Recently, my wife Jo, and I, discovered that we were gluten intolerant. I used to be able to eat any breads without experiencing any discomfort, but over the last few years that all changed. And then Jo discovered Buckwheat.
Buckwheat, despite its name is not related to wheat and is gluten free. Commonly known as pseudocereals, buckwheat is seeds similar to cereal grains but do not grow on grasses. Buckwheat has a better nutritional value than other grains and is high in minerals and antioxidants.
And so Jo made buckwheat bread and has spent a month refining and perfecting a recipe. The bread is simply delicious. After not being able to eat wheat based bread, we have been gorging ourselves with buckwheat bread. The loaves, although they don’t last long in our house, stay fresh without any preservatives. The fourth and fifth day the bread can still be toasted and remains delicious. Jo has been passing her recipe to friends in the village, and now we are sharing it on Franschhoek at your Fingertips.
Indeed there is a Buckwheat bread revolution baking in Franschhoek!
Buckwheat Chickpea Bread Recipe (Vegan & Gluten Free)
Preperation time – 15 mins
Cook time – 70-75 mins
A healthy activated buckwheat chickpea bread with mixed seeds. Perfect gluten-free bread for toast or sandwiches.
Serves: 1 loaf
2 cups (360 g) raw buckwheat, soaked in water for 2 hours (or up to 8 hours)
2 tablespoons chia seeds 6 tablespoons luke warm water
1 cup (120 g) chickpea flour (or try 70g Chick pea + 50g almond or any gluten free flour)
3 tsp phosphate-free baking powder
1 tablespoon psyllium husk or powder
2 teaspoons sea salt
1 – 2 tablespoons extra-virgin olive oil
2 tablespoons pure maple syrup or honey or molasses
1 tablespoon unfiltered cider vinegar
160 ml cold water
Stir in after mixing –
2 tablespoon sunflower seeds
2 tablespoon pumpkin seeds
1 tablespoon flax seeds
1 tablespoon sesame seeds
NOTE: Soak the buckwheat in enough water to cover until it is soft enough to crush when squeezed between your fingers, but not over 8 hours.
1. Preheat oven to 180°C and grease a loaf pan with coconut oil. Alternatively, line a loaf pan with parchment paper.
2. Place the chia seeds and lukewarm water in a small bowl and let stand for about 5 minutes (or until it takes on a gel-like texture).
3. Meanwhile, drain the soaked buckwheat and rinse thoroughly, until water runs clear. Drain excess water.
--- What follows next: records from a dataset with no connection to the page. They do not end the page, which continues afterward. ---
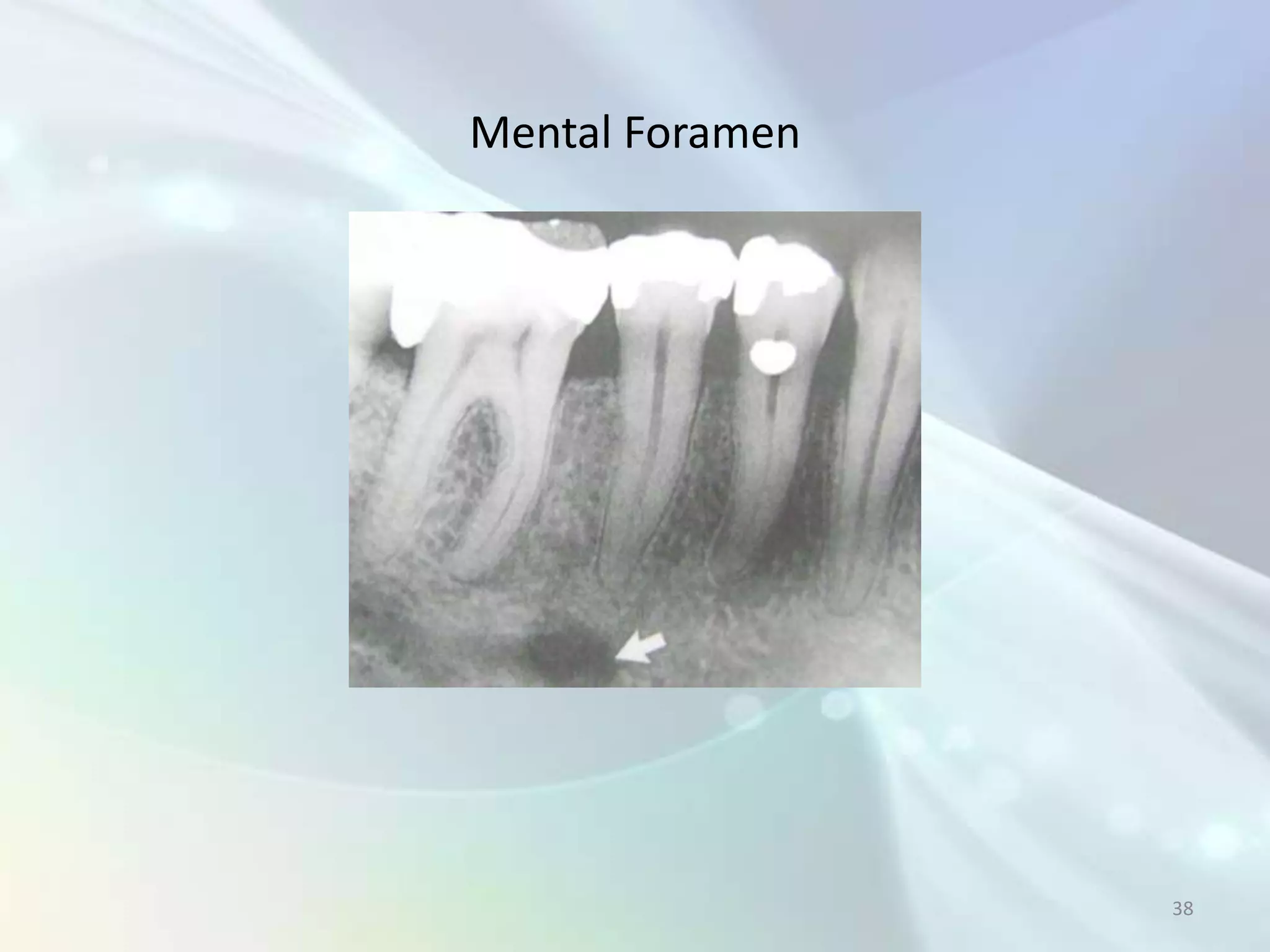 Mental Foramen




                 38
 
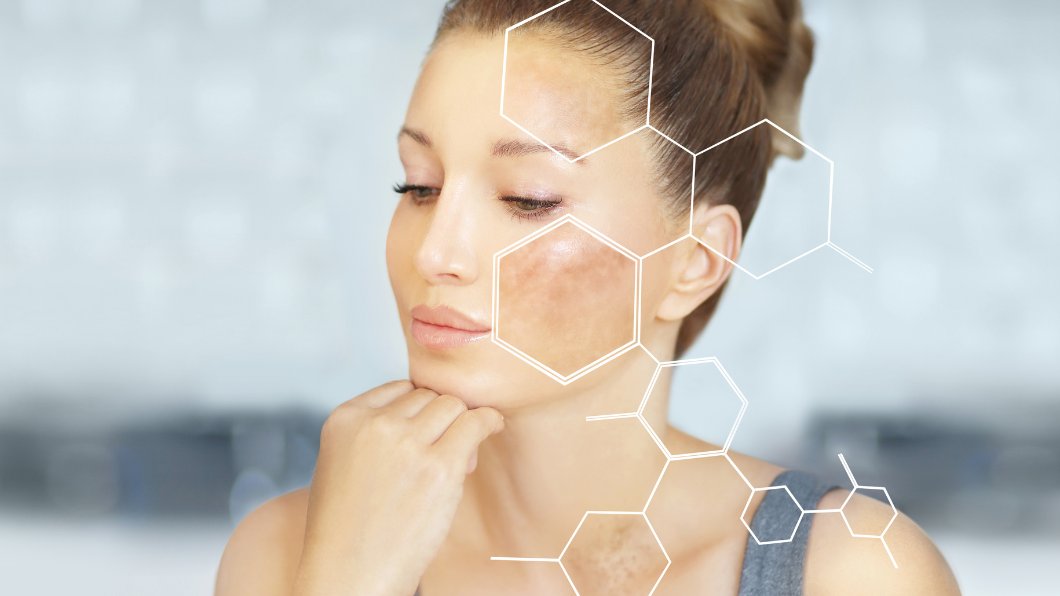 rosacea and hyperpigmentation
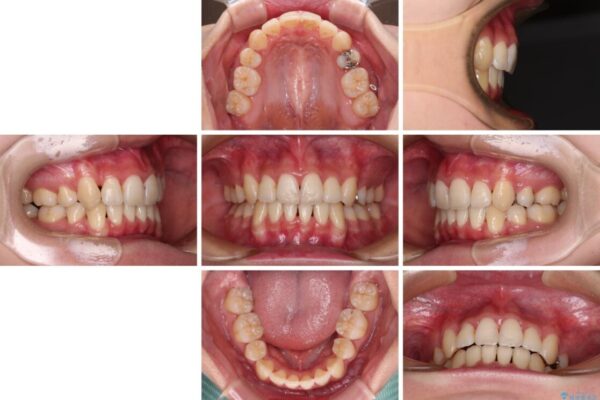 前歯の歯並びを治したい　ワイヤー装置での抜歯矯正 治療後画像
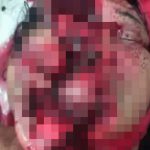 【閲覧注意】女性ライダーが転倒して縁石に顔をぶつけた結果･･･。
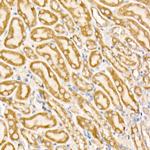 Prohibitin Antibody in Immunohistochemistry (Paraffin) (IHC (P))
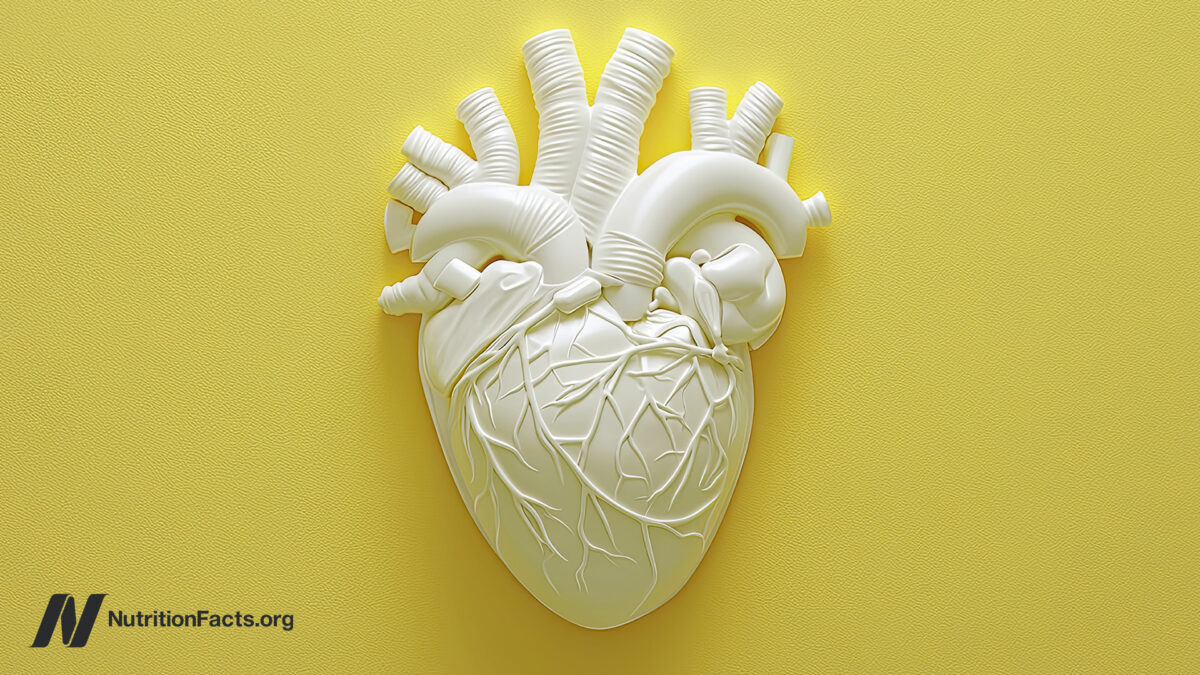 Benefits and Benefits of Angioplasty and Cardiac Stents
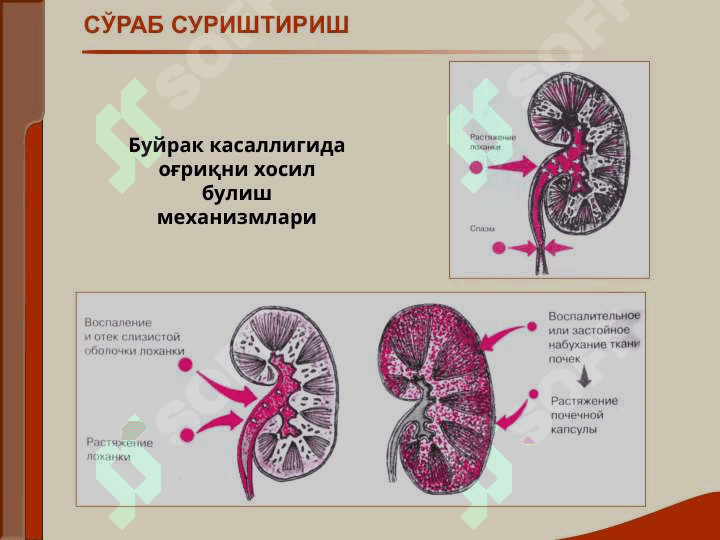 БУЙРАК КАСАЛЛИГИ БИЛАН ОҒРИГАН БЕМОРЛАРНИ ТЕКШИРИШ. АСОСИЙ КЛИНИК СИНДРОМЛАР. БУЙРАК ЕТИШМОВЧИЛИГИ 5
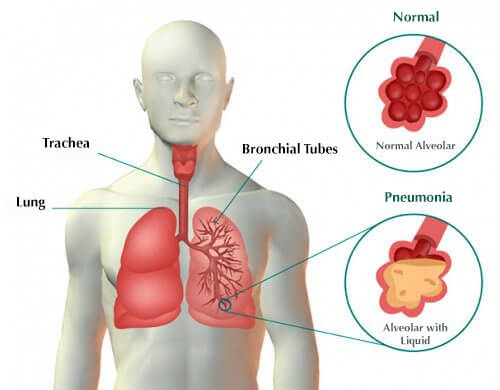Symptoms of Pneumonia and Remedies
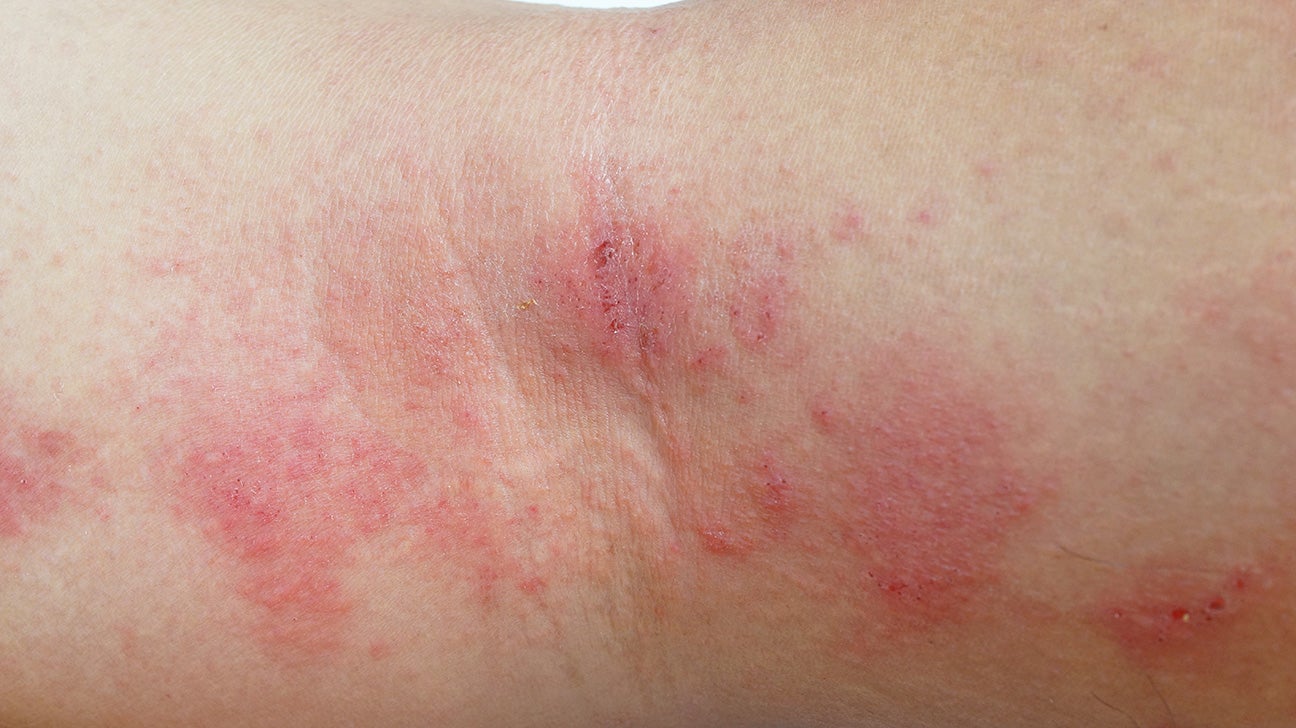 red bumps on arms not itchy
4. Add the buckwheat, chia mixture, oil, maple syrup, vinegar and cold water (basically all the WET ingredients,) to a food processor and blend until smooth. Then add chickpea/glut free flour, psyllium husk, salt and blend well. Last of all, add your baking powder and seeds, and mix for no more than a minute, so you minimize the activation of the rising agent.
(If you don’t have a food processor, you can also use an immersion blender, then stir well with a spatula once smooth).
5. Quickly pour the batter into the prepared loaf pan. Smooth with a spatula and garnish with seeds (if desired).
6. Bake on the middle rack for 1 hour and 15 minutes, until just brown on top. The bread is done when it is golden and sounds hollow when tapped, or when a knife comes out almost clean.
7. Set the bread on a wire cooling rack a let rest in the loaf pan for 10 minutes, and then turn the bread out onto the wire rack to further cool. Allow to fully cool before slicing.
8. Store in a bread box or wrapped in parchment paper. Enjoy fresh or toasted for up to 5 days.